Also man muss sich hier wirklich schon in die Tasche lügen und die Realität vollkommen ausblenden, wenn man homo-, bi-, trans- oder intersexuelle Menschen anders als normal bezeichnet. Das möchte ich ganz ausdrücklich hier noch mal sagen.

(Beifall vonseiten der Fraktionen der SPD, DIE LINKE und BÜNDNIS 90/DIE GRÜNEN – Udo Pastörs, NPD: Das ist normal.)

Das ist natürlich, Herr Pastörs.

Und so haben wir als SPD zum Beispiel ja auch im Regierungsprogramm drin gehabt, dass wir die Homo-Ehe gleichstellen wollen.

(David Petereit, NPD: Da schreiben Sie doch alles rein, um Wählerstimmen zu kriegen.)

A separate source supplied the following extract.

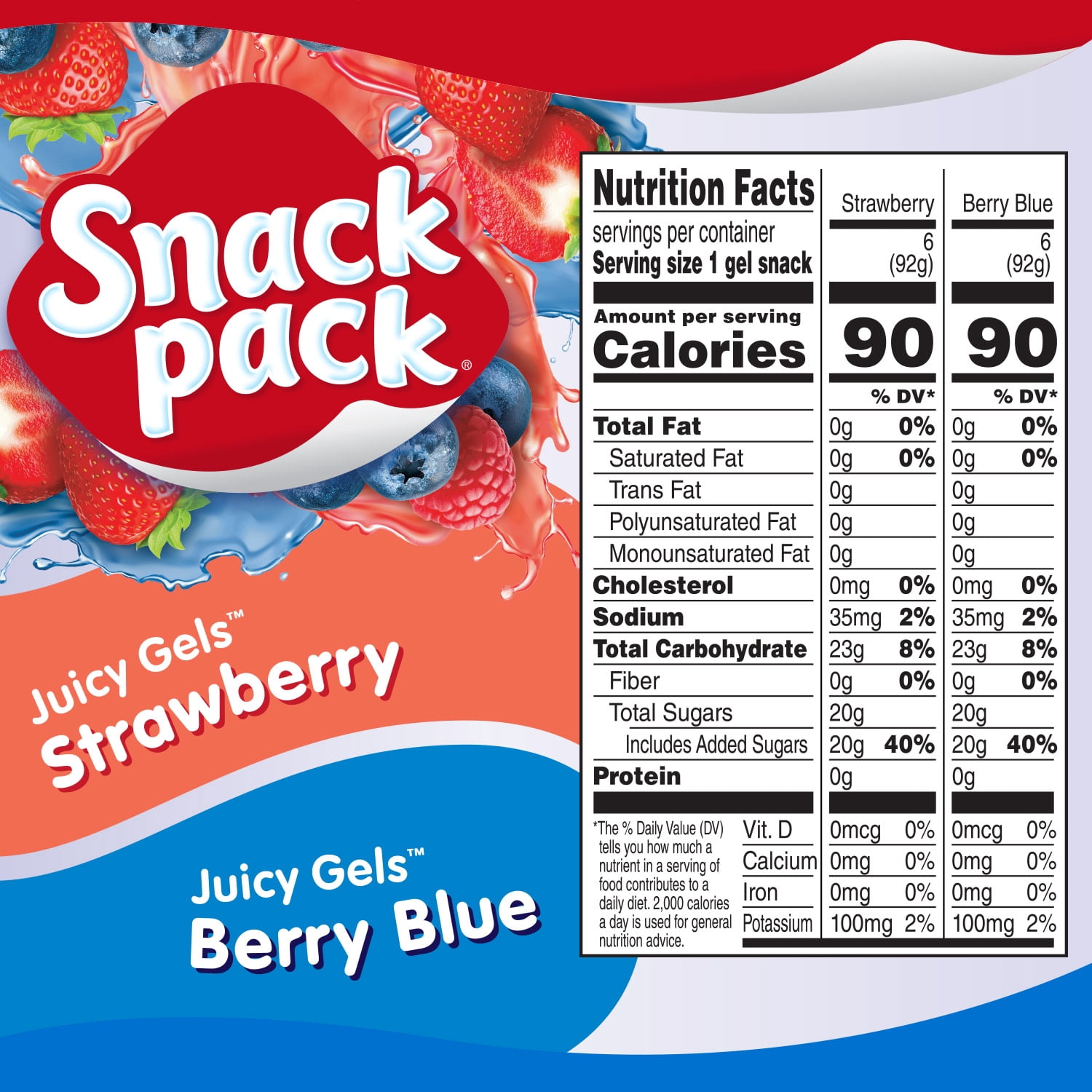 (3 pack) Snack Pack Strawberry Flavored and Berry Blue Flavored Juicy Gels, 3.25 oz Snack Cups, 12 Count Family Pack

Das ist im Koalitionsvertrag nicht so scharf benannt worden,

(Zuruf von Torsten Renz, CDU)

aber ich weise in dem Zusammenhang auf Seite 105 der Koalitionsvereinbarung auf Bundesebene hin, weil da ganz klar formuliert ist, „dass bestehende Diskriminierungen“ abgebaut und gesetzliche „Regelungen, die gleichgeschlechtliche Lebenspartnerschaften“ benachteiligen, beseitigt werden. Auch der Nationale Aktionsplan zur Bekämpfung von Rassismus, Fremdenfeindlichkeit und Antisemitismus wird um das Thema „Homophobie und Transphobie“ erweitert.

Sehr geehrte Frau Gajek oder vielmehr Fraktionen BÜNDNIS 90/DIE GRÜNEN und DIE LINKE, ich denke, die beiden ersten Punkte Ihres Antrages werden bereits

gelebt, und die SPD-Fraktion steht inhaltlich durch Handeln, also auch durch Taten dahinter.

Beim Punkt 3 sehen wir die Einfachheit, das Setzen der Regenbogenfahne rechtlich umzusetzen hier im Land, nicht so, weil wir auch unseren Koalitionspartner da sicherlich nicht mit im Boot haben.

(Torsten Renz, CDU: Das könnten Sie jetzt aber mal weglassen! – Wolf-Dieter Ringguth, CDU: Das hat jetzt aber überhaupt keine Bedeutung. Man könnte auch mal eine andere Begründung finden.)

Zurzeit sehe ich ehrlich gesagt auch die rechtlichen Grundlagen dafür nicht,

(Unruhe vonseiten der Fraktion der CDU – Dr. Ursula Karlowski, BÜNDNIS 90/ DIE GRÜNEN: Wir haben es ja schon geahnt. – Zuruf von Wolf-Dieter Ringguth, CDU)

ganz konkret, weil der Gleichbehandlungsgrundsatz oder vielmehr der Neutralitätsgrundsatz der Regierung hier an oberster Stelle steht, was den Flaggenerlass und die Verordnung angeht. Ich denke mal, darum kommt man so ohne Weiteres nicht herum. Flagge hissen ist gut, ob man das unbedingt an Dienstgebäuden machen muss, dahinter kann man ein Fragezeichen setzen. Ich denke mal, wir haben vielfältige Möglichkeiten, die Regenbogenflagge gut sichtbar überall zu hissen,

(Silke Gajek, BÜNDNIS 90/DIE GRÜNEN: Das ist ein Zeichen.)

davon werden wir verstärkt Gebrauch machen. Wir haben es am Willy-Brandt-Haus getan. Wir werden das sicherlich ausweiten. Das ist eine gute, sichtbare Sache dafür. Das finde ich auch in Ordnung. Den Antrag können wir leider nicht befürworten.

(Beifall vonseiten der Fraktion der SPD)

Vielen Dank, Frau Tegtmeier.

Das Wort hat jetzt der Abgeordnete Herr Ritter für die Fraktion DIE LINKE.

(Torsten Renz, CDU: Chefsache. – Silke Gajek, BÜNDNIS 90/DIE GRÜNEN: Nee, er ist der gleichstellungspolitische Sprecher.)

Frau Präsidentin! Meine sehr verehrten Damen und Herren!

Allerseits üblich, Kollege Renz. Ich werde jetzt nicht auf Ihren Zwischenruf eingehen, weil die Redebeiträge, die vorher hier gehalten worden sind, schon höchst interessant waren.